You need to find the shortest such subarray and output its length.

Example 1:

Input: [2, 6, 4, 8, 10, 9, 15]
Output: 5
Explanation: You need to sort [6, 4, 8, 10, 9] in ascending order to make the whole array sorted in ascending order.

Note:

Then length of the input array is in range [1, 10,000].
The input array may contain duplicates, so ascending order here means <=.

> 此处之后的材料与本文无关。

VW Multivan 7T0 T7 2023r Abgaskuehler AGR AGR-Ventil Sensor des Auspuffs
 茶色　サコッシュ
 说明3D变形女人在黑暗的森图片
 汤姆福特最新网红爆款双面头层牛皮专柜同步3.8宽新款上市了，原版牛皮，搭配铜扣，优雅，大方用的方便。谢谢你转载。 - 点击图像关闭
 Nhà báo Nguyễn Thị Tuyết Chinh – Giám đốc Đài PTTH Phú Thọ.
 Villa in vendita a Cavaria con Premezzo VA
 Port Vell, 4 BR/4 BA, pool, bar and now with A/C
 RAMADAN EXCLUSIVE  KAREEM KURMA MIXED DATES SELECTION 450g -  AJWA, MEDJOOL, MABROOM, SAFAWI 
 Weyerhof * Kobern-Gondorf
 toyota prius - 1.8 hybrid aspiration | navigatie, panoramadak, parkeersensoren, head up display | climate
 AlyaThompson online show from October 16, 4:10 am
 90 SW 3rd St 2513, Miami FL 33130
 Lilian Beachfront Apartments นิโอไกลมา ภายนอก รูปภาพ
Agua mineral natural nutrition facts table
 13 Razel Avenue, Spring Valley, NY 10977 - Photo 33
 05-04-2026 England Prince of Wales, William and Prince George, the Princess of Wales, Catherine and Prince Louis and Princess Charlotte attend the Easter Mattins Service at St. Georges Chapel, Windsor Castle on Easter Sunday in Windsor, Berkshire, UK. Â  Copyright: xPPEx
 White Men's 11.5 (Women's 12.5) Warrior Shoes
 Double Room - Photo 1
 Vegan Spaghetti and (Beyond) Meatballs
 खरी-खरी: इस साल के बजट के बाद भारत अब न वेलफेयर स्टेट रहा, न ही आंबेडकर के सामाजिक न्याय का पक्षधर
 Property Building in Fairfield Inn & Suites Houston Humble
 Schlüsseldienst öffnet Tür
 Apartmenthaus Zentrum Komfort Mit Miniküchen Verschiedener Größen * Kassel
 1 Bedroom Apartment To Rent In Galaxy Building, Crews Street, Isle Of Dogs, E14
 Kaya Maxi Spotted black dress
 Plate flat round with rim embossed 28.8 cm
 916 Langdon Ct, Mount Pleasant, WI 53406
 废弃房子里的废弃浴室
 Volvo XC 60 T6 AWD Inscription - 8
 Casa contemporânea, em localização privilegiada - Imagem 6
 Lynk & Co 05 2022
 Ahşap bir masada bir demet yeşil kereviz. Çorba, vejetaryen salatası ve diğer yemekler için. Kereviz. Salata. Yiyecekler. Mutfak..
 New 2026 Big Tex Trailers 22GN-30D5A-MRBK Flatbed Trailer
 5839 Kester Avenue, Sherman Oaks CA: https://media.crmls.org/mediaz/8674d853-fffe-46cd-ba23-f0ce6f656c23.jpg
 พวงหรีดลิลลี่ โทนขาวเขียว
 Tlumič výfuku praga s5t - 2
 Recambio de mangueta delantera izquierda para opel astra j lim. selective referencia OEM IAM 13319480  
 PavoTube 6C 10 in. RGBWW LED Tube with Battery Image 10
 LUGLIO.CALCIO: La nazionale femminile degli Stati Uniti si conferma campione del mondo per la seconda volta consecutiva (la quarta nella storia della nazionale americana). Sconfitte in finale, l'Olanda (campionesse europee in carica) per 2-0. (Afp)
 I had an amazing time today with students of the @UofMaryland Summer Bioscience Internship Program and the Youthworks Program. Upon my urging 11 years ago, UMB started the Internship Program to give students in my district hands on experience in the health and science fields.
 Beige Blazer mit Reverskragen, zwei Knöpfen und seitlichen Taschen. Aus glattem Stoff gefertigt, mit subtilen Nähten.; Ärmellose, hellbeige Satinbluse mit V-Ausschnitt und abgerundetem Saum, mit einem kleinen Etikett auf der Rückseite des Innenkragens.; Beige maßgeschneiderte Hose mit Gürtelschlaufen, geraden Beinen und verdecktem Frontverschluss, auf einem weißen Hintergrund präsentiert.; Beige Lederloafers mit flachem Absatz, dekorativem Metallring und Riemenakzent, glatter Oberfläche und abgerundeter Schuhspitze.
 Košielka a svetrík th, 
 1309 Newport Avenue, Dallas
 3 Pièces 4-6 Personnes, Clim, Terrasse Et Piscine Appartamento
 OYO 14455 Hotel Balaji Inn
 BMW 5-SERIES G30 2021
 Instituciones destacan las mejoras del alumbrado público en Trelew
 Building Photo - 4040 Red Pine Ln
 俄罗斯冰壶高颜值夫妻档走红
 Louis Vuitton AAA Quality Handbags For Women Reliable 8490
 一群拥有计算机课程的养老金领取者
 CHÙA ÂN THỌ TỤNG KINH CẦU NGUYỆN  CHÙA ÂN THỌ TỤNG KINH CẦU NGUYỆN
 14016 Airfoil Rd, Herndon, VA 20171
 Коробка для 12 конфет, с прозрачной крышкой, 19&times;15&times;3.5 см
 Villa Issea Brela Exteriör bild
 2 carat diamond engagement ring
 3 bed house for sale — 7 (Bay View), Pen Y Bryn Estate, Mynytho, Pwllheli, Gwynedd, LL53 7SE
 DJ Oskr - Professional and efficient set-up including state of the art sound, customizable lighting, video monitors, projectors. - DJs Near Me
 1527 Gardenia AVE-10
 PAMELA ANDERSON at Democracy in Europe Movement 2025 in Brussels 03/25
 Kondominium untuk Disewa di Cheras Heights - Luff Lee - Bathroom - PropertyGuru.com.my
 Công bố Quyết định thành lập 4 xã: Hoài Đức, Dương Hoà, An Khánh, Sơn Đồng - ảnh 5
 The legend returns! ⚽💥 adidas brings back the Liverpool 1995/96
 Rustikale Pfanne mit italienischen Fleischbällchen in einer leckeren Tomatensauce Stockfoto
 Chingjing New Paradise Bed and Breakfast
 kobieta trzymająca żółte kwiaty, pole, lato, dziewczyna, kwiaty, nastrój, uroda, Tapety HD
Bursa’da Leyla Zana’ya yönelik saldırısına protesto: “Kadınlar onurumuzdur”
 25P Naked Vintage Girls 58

  参考了讨论区的大神思路：先定义两个标签索引变量begin = -1 与 end = -2（选择-1与-2这两个数是为了当数组中不存在非降序子列时返回 end - begin + 1==0），接着同时开始从头到尾（定义变量max表示搜索到的最大值）以及从尾到头（定义变量min表示搜索到的最小值）两个方向的搜索：
①从头到尾：当当前值比max小时（后值比前值小，不是升序），说明无序子列的end至少在当前位置。
②从尾到头：当当前值比min大时（前值比后值大，不是升序），说明无序子列的begin至少要从该位置开始

class Solution {
public:
    //参考了讨论区的最高评论答案
    int findUnsortedSubarray(vector<int>& nums) {
        int begin = -1, end = -2;
        int max = nums[0], min = nums[nums.size()-1];
        int n = nums.size();
        for(int i = 1; i<nums.size(); i++)   //向右从1到n-1，向左从n-2到0
        {
            
            if(nums[i] < max)
                end = i;
            if(nums[n-1-i] > min)
                begin = n-1-i;
            max = nums[i]>max ? nums[i]:max;
            min = nums[n-1-i]<min ? nums[n-1-i]:min;
        }
        return end - begin + 1;
    }
};

tip:
合理设置标签指针，对数组同时进行正序与倒序的搜索